It dates to the Norman Conquest back in 1066. All the Saxon words became bad because the Saxons lost and were enslaved. French words=good; Saxon words=bad. It's as simple as that. The Saxon terms became, quite literally, vulgar. (Latin: of the people, as opposed to the ruling class.) So, while I can easily write the words with French roots such as defecate, urinate, copulate, etc. without fear of reprisal, should I use the entirely synonymous Saxon equivalents, that would not be permitted and even would, by a fit of illiteracy on the part of the JREF moderators, be considered "obscene."
What bothers me is that, almost seven hundred years after the end of French feudalism and the establishment of English common law which led to the two longest-lived representative democracies on the planet, English-speakers still have enough of what amounts to a we're-not-French-enough inferiority complex to consider Saxon words bad.

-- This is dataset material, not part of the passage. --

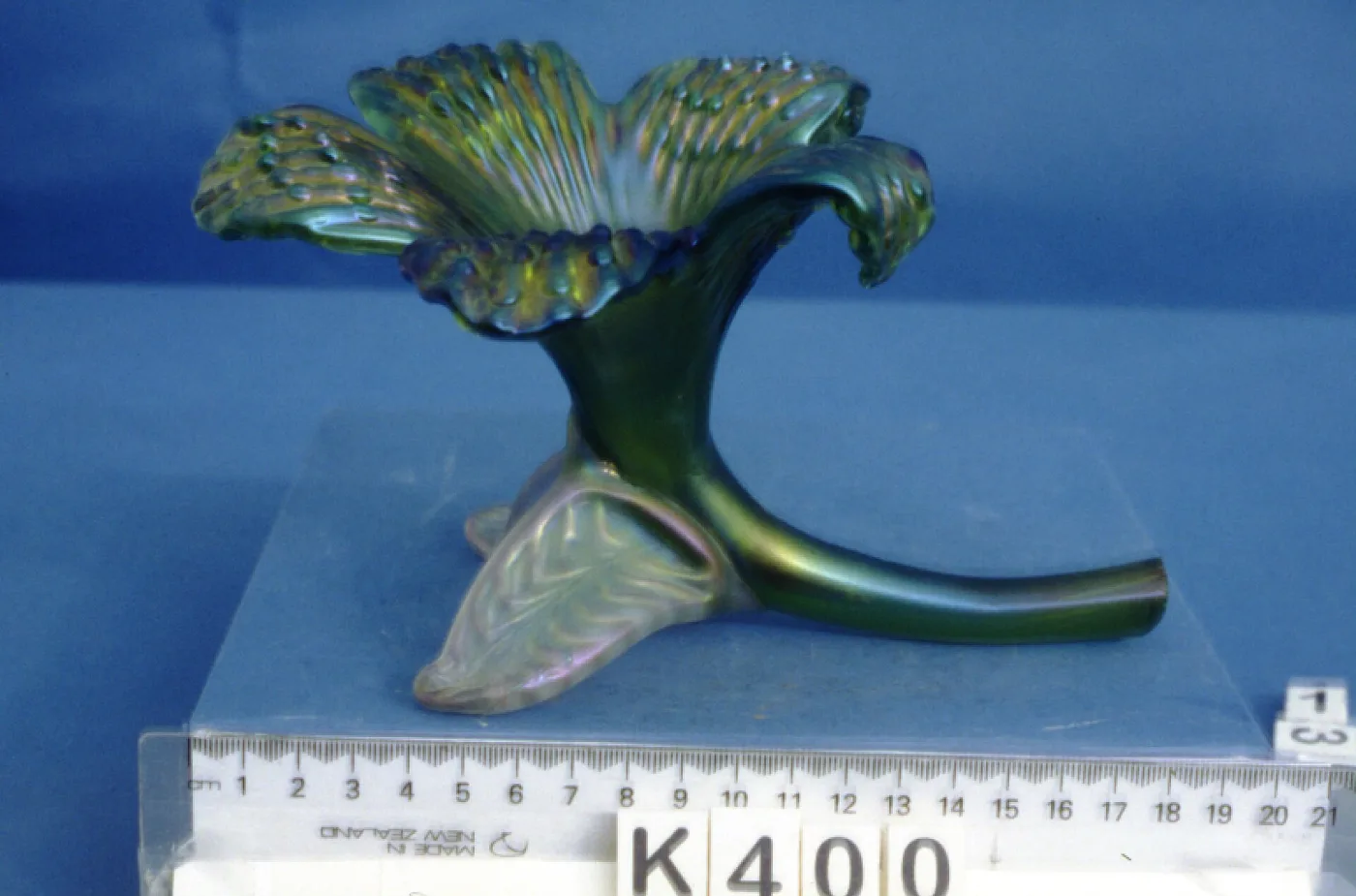 Slender green carnival glass vase with a flared petal-edged rim, lying on its side beside a centimetre ruler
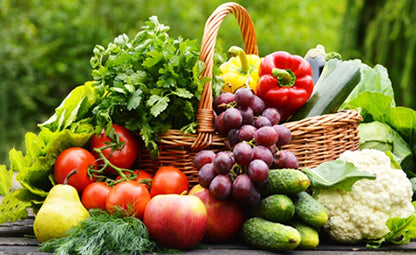 A wooden basket filled with fresh organic vegetables and fruits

It isn't even limited to so-called cuss words. "Pork," for some reason, is more acceptable than "swine flesh" or "pig flesh" and nobody even remembers "kine" for cattle, though "cow" survives. But, of course, the lower classes were the ones who tended the animals, so the old Saxon terms survived to described the animals, while their flesh (excuse me, meat) got the French terms when served up as haute cuisine.
Seriously. Four hundred years of slavery, and almost seven hundred years after it, Anglos still symbolically abase themselves in deference to their former masters. It must have been some pretty effective slavery. Even African-Americans do better than Anglos in this regard.